Task objective:
From the line with "Let's specify how" to the line with "If your holiday", output every line below exactly, both ends included. Skip the pictures.

The data:
---*---
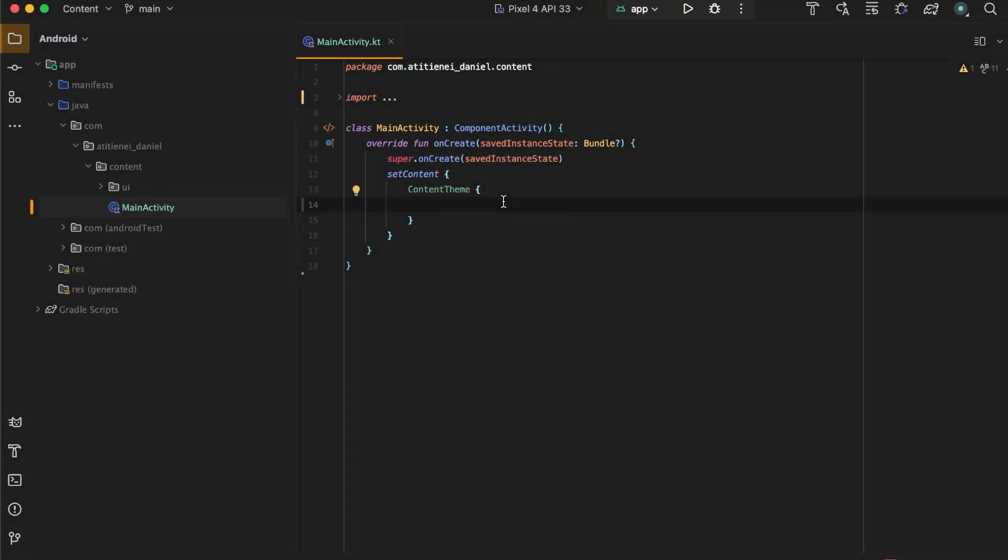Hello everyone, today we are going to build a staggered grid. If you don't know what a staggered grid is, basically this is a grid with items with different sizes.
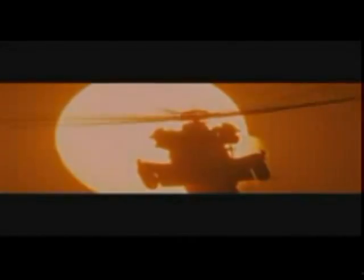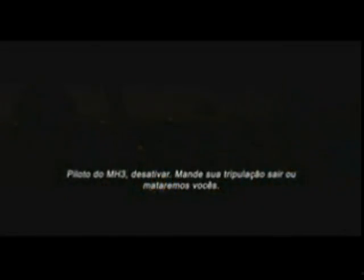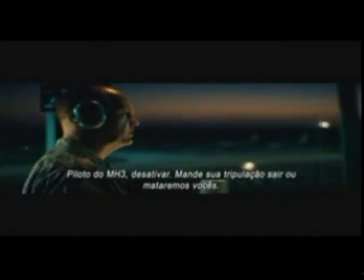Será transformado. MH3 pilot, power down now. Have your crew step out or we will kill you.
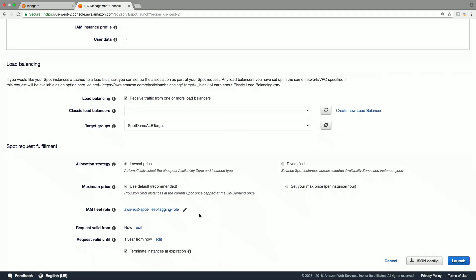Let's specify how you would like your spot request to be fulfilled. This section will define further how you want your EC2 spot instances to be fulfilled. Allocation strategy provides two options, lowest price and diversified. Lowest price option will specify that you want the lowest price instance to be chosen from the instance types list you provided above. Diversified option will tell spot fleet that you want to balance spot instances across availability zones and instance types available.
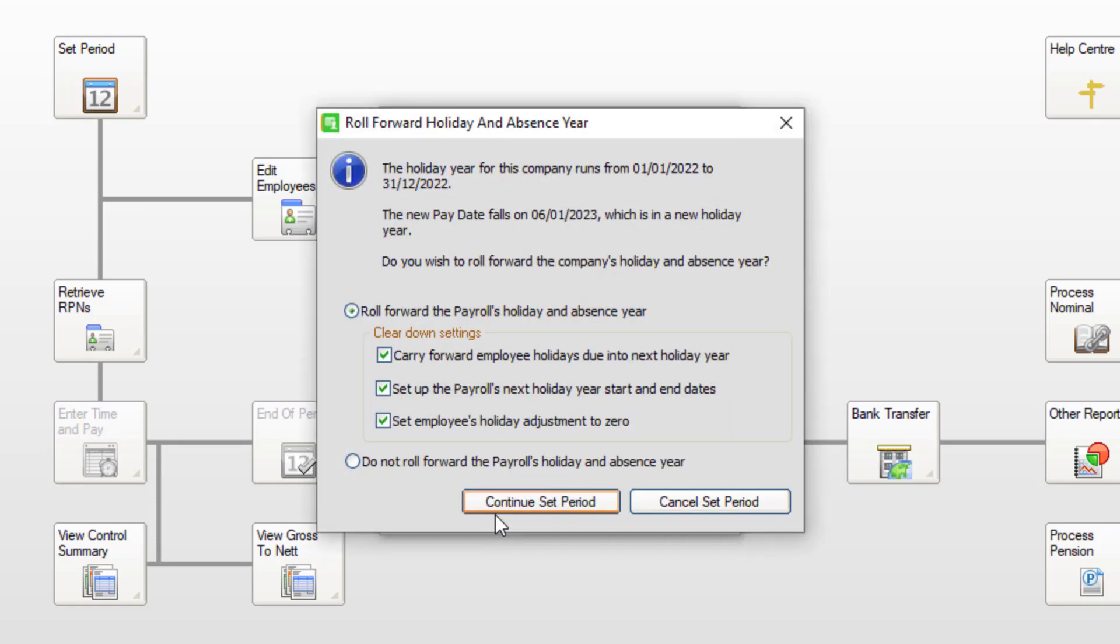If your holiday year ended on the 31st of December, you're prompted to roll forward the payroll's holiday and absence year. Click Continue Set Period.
---*---
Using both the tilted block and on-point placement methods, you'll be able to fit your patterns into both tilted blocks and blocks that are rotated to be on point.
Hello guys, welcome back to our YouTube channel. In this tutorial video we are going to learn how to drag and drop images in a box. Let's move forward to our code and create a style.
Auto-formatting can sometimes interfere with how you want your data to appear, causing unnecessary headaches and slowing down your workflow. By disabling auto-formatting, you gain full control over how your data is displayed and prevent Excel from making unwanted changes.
---*---
Answer for this exercise:
Let's specify how you would like your spot request to be fulfilled. This section will define further how you want your EC2 spot instances to be fulfilled. Allocation strategy provides two options, lowest price and diversified. Lowest price option will specify that you want the lowest price instance to be chosen from the instance types list you provided above. Diversified option will tell spot fleet that you want to balance spot instances across availability zones and instance types available.
If your holiday year ended on the 31st of December, you're prompted to roll forward the payroll's holiday and absence year. Click Continue Set Period.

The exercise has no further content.